I may, however, be a little warped because when I was little Santa Claus would always load our stockings with (in addition to treats and small presents) underwear.

That's right: Santa Claus gave us underwear.

I don't know how or why this started.  Granted, with four girls right in a row most of the bums were around the same size, and it was probably easy to just grab a few packs of underwear to be split among them while out shopping anyway, but seriously: Santa Claus gave us underwear.  (And he didn't even give us our own packs--no, he opened them and divided the pairs among the stockings.  Except in my only brother's case.  He always got his own.  Total favoritism.)

It wasn't until we were older that it hit us how strange that was, but at that point we all knew the truth (which is that Santa Claus is not an eternally beautiful vampire, of course) and it was more a joke than anything.  But still.  Underwear.  Weird, right?  (Sorry, Mom and Dad.  IT'S WEIRD.)

Finally, I hate the whole Big Brother aspect of it, and the notion that kids should only be good because they are being watched and it will earn them presents.  Shouldn't they try to be good anyway, without the promise of rewards or the threat of disappointment?  (Which, let's face it, young parents in that restaurant: are you REALLY not going to give your two-year-old any presents if he doesn't sit down and eat right now?
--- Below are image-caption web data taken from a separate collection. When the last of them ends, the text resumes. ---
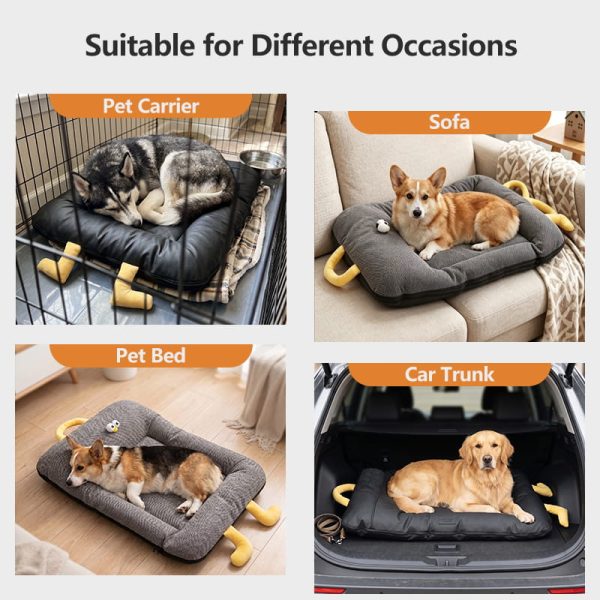 Marchul Pet Bed Mats, Dog Crate Bed, Cat Mat with Non-Slip Bottom, Removable Washable Dual Cover Set (Faux Leather Shell + Plush Cover), Soft Sleeping Cushion for Indoor for Medium Dogs & Cats (Large)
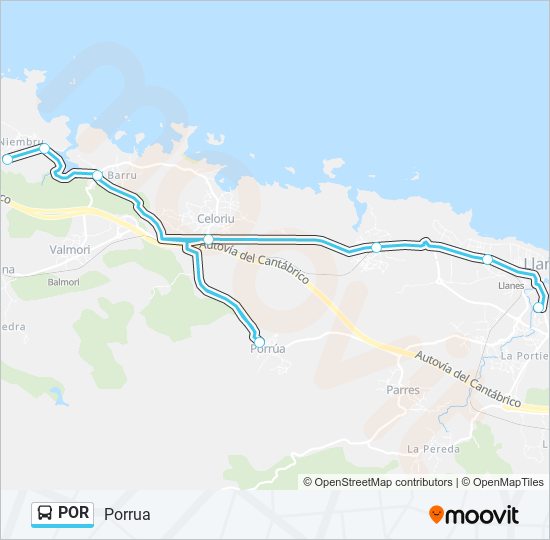 Mapa de POR de autobús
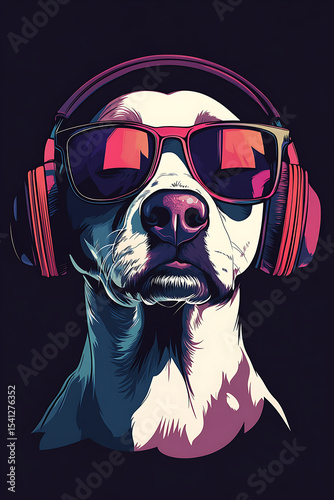 Stylish dog wearing sunglasses and headphones, set against a vibrant, abstract background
Really?  Because I don't think that's a threat you're willing to follow through on.)  I don't know about you or your kids, but mine always tend to get stressed out.  Last year by Christmas Eve my son was screaming, "I DON'T WANT CHRISTMAS.  I WANT CHRISTMAS TO BE OVER."  After a month solid of anticipation, it all just melts into stress and anxiety.  And being told you have to be good?  That kind of makes me want to go in the opposite direction.  You're watching me all the time?  WELL WATCH THIS!  (No, I have no idea where my son got his contrary nature from.)
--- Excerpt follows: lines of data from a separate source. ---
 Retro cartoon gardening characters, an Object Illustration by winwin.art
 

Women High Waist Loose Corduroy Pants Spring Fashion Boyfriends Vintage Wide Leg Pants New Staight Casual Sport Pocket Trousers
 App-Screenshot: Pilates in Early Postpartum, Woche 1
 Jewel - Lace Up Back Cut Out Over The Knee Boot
So, to sum up: I hate giving credit to an imaginary person who has characteristics that are either vaguely creepy or seriously romantic depending on your feelings about vampires/old men.  I also worry that when magic turns into blackmail it tends to lose its wonder.  If you want Santa to be a part of childhood, let Santa be a mythical figure that represents the good and fun and joy of this time of year--but don't let him be the entirety of Christmas.
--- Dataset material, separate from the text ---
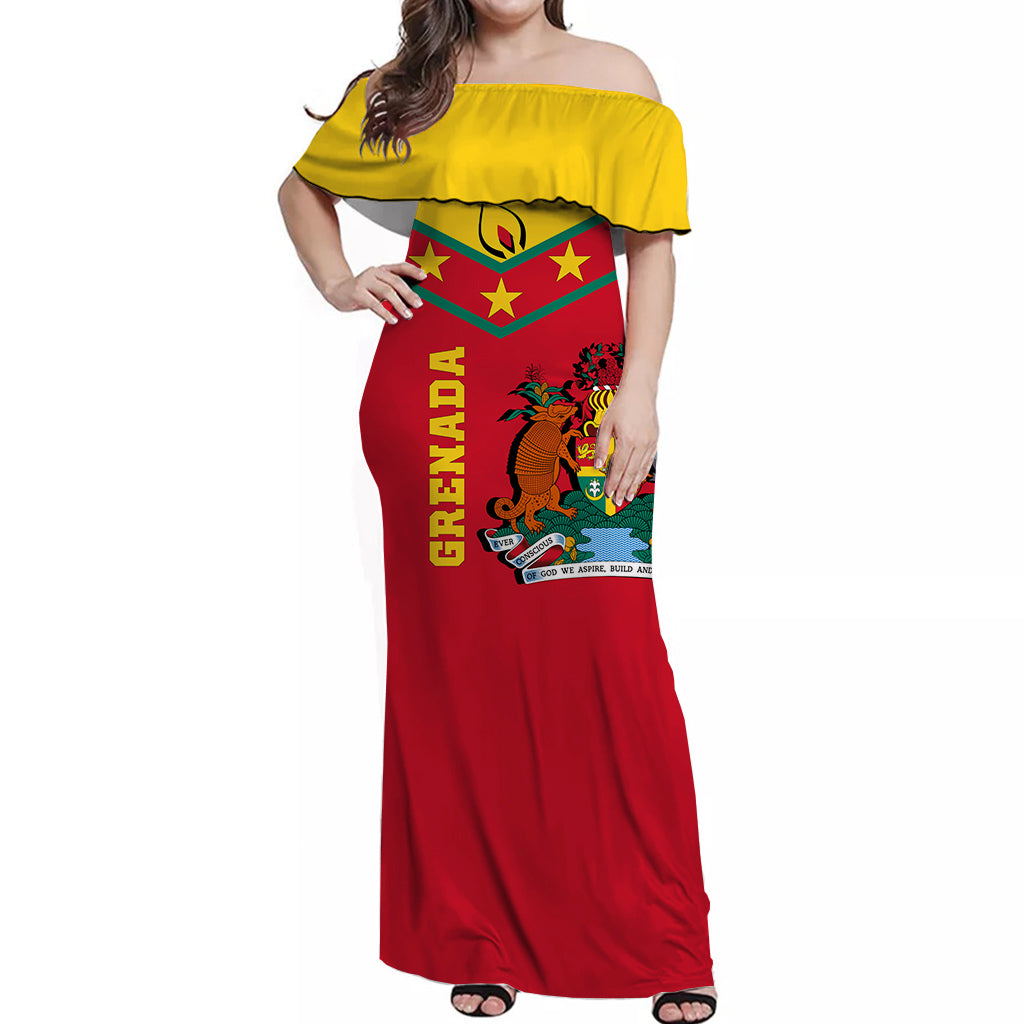 Grenada Off Shoulder Long Dress Proud Grenadian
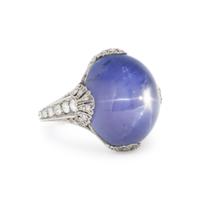 EDWARDIAN, STAR SAPPHIRE AND DIAMOND RING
And for heaven's sake, don't let him give your children underwear.

Run! RUN!
(Also, Merry Christmas!)

Tuesday, December 7, 2010

Plugging Your Ears

Reviews I have accidentally seen in the past two days:
"Kiersten White is a Literary Goddess!"
"I know it's just YA, but Kiersten White's writing is so awful it makes me want to puke."

Clearly the first reviewer is the only one who knows what she is talking about.

Actual Conclusion?
There's a reason I don't read reviews, and that is: they don't change anything.  When I sit down to write I am neither a goddess nor a vomity mass of awful writing.  I'm just me, writing how I write, and that has to be enough.  Opinions about my book are exactly that--opinions.  Frankly, I'm thrilled my book is out there to GET opinions.  I genuinely value them, and I have the most amazing fans and get the most amazing emails.  And I'm sorry to that girl I made puke.  Hope it didn't come out her nose, because that's painful.

Actually, maybe I hope just a little bit came out her nose.

Anyhow.  People love your writing.  People hate your writing.  Doesn't matter.  You always write alone.  (Thank heavens, too, because I'd hate for people to be reading over my shoulder and vomiting all over my poor MacBook.  It'd also be kind of distracting to have someone actively worshipping me while I tried to tap out book three.  I might have to try that one out sometime, though.)

Point: Reviews are for other readers.  Authors are free (and encouraged by me) to ignore them.  It's kind of vital to our survival/sanity.  Readers are free (and very, very encouraged by me) to review and discuss and talk about what they are reading.  Love it or hate it, I want you to have an opinion about my book--because that means you read it, and that makes me happy.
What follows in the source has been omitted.